··· RECORDS SUPPLIED
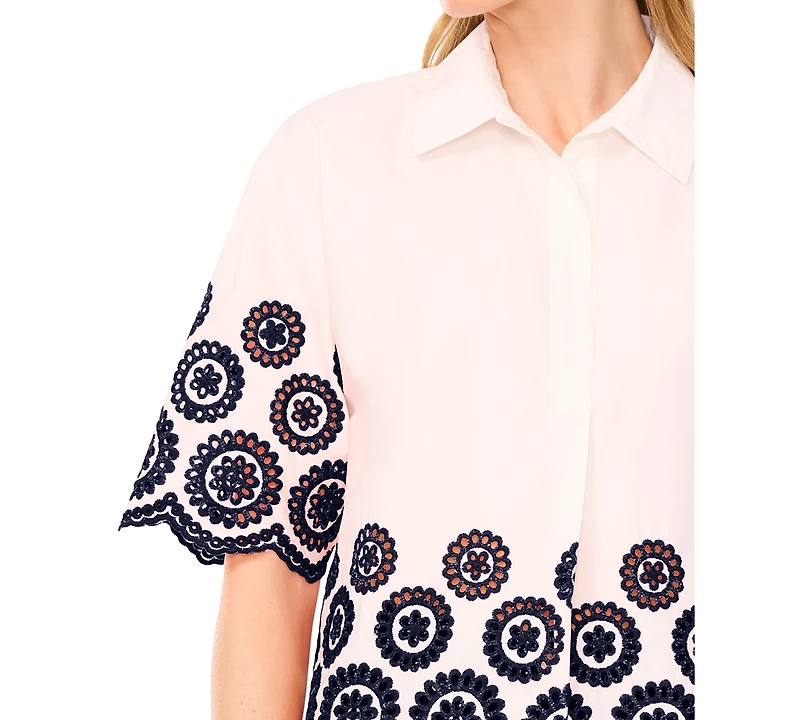 CeCe Women's Contrast Embroidered Cotton Collared Shirt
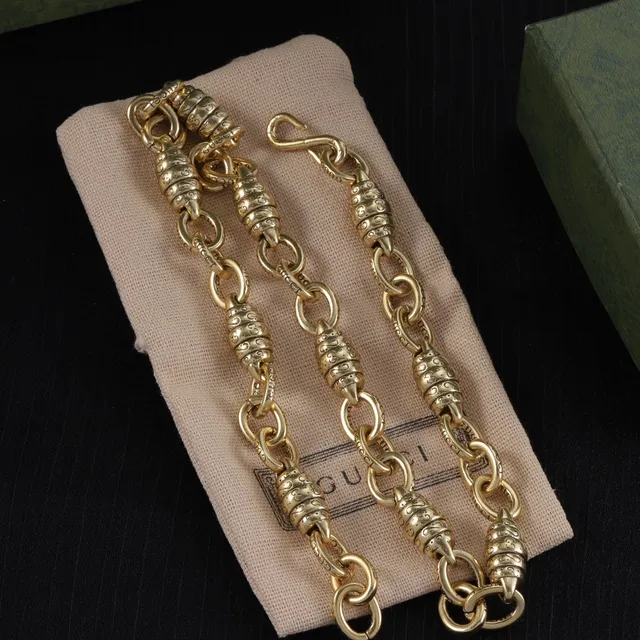Gold Metal Ornate Barrel Links Necklace 2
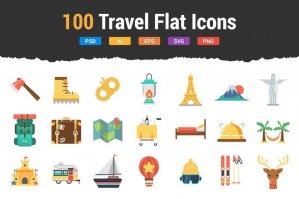 100 Travel Flat Icons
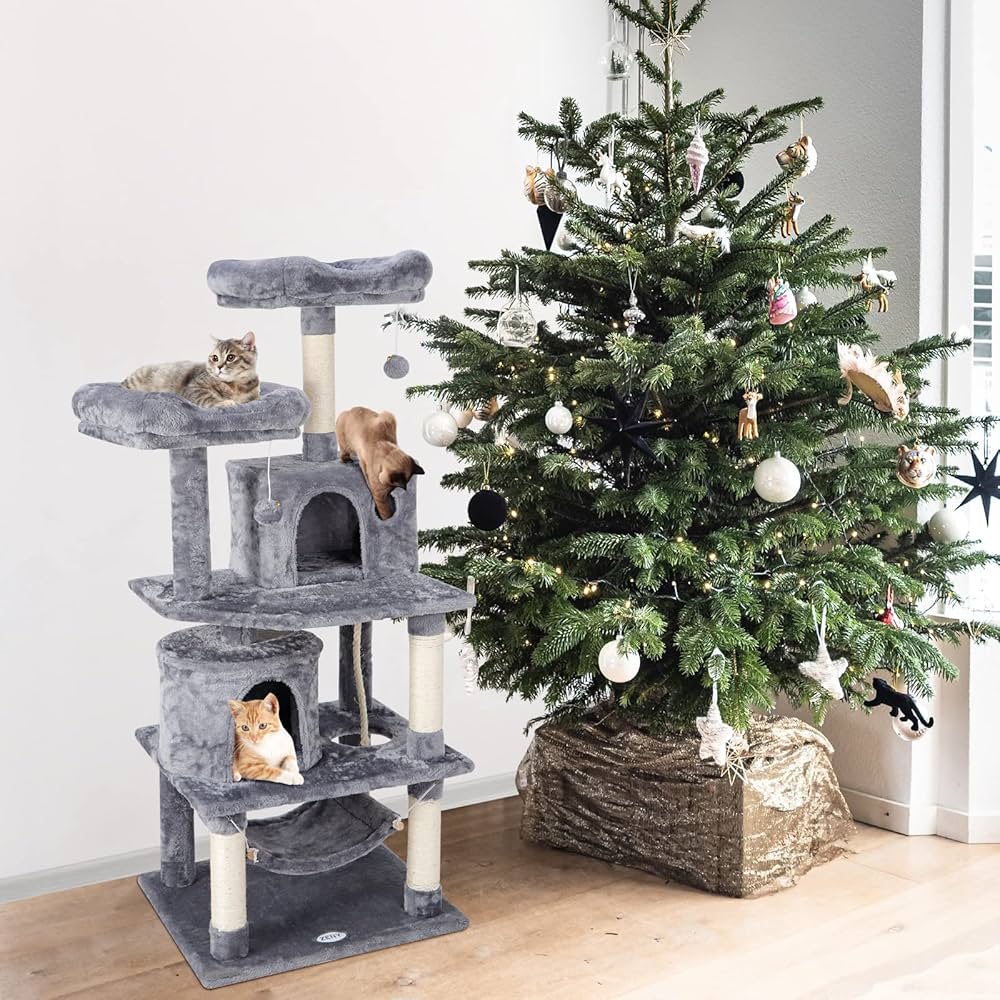 Amazon.com: ZENY 57 英吋(約57 公分)貓樹,貓公寓塔,附抓柱,遊戲
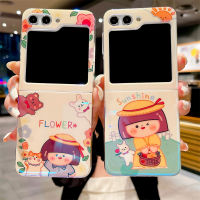 เคส Samsung Galaxy Z Flip5 ไฟสีฟ้า Rhinestone กันการป้องกันการกระแทกลายการ์ตูนซิลิโคนอ่อนนุ่มน่ารักสำหรับ Samsung Galaxy Z Flip 5 ฝาหลังแบบฝาพับ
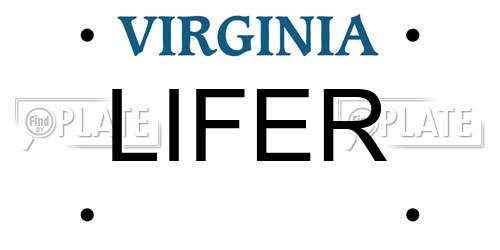 LIFER Virginia License Plate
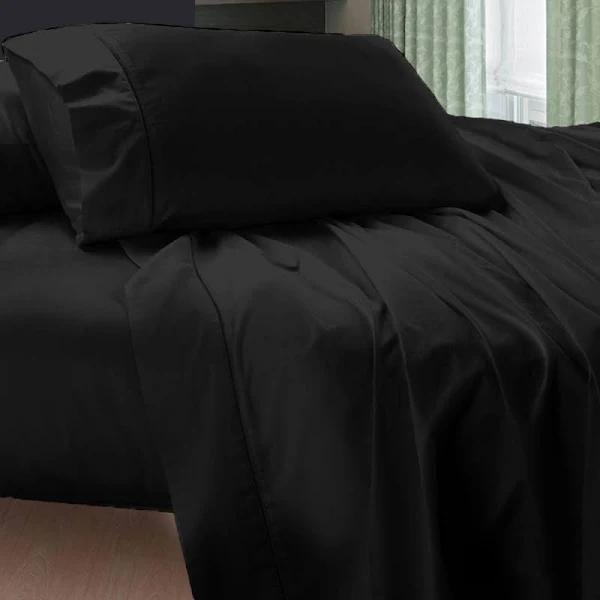 400TC Egyptian Cotton Sheet Set Jet Black King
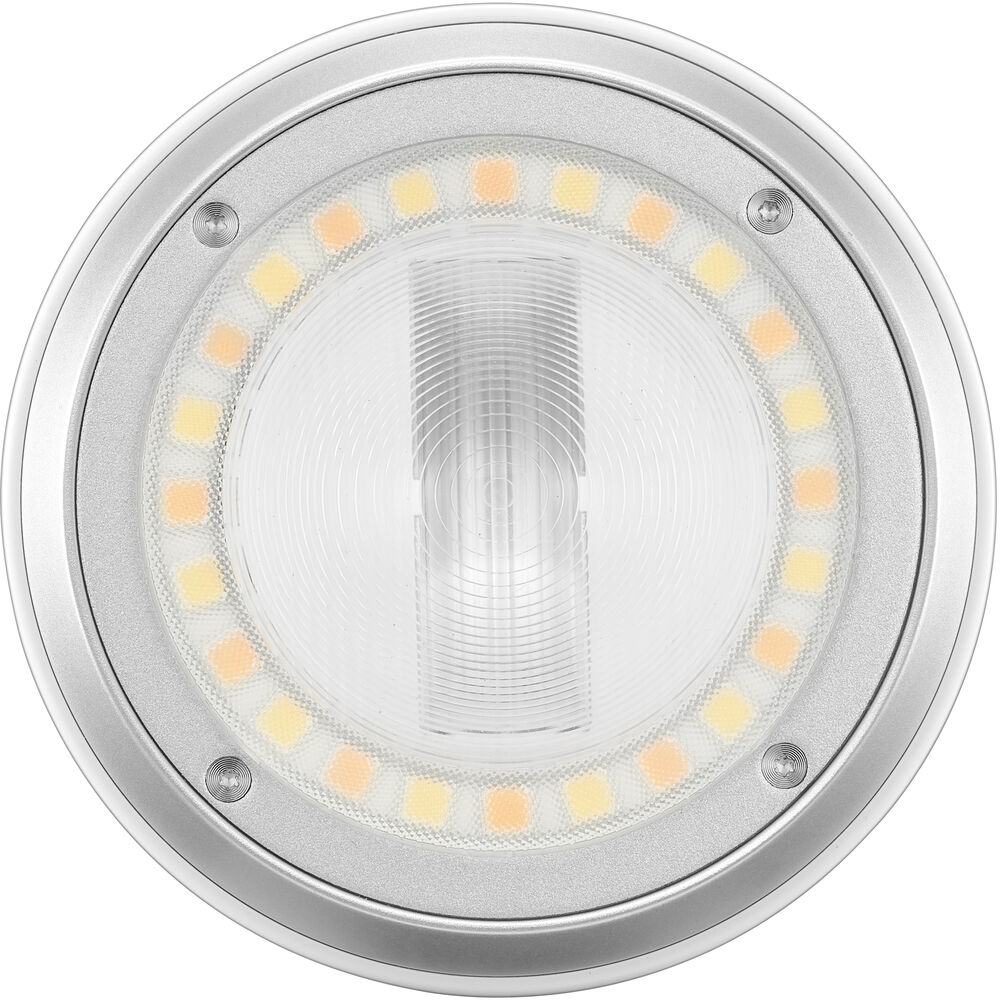 Direct front view showing Godox A2 circular bi-color LED ring light surrounding the central xenon flash tube.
······
## DESCRIPTION OF THE TASK
From the line containing "LIFER Virginia License Plate" to the final line of the entries, both included, transcribe every line exactly, omit the pictures, and add nothing more.

## RESULT FOR THIS TASK
 LIFER Virginia License Plate
 400TC Egyptian Cotton Sheet Set Jet Black King
 Direct front view showing Godox A2 circular bi-color LED ring light surrounding the central xenon flash tube.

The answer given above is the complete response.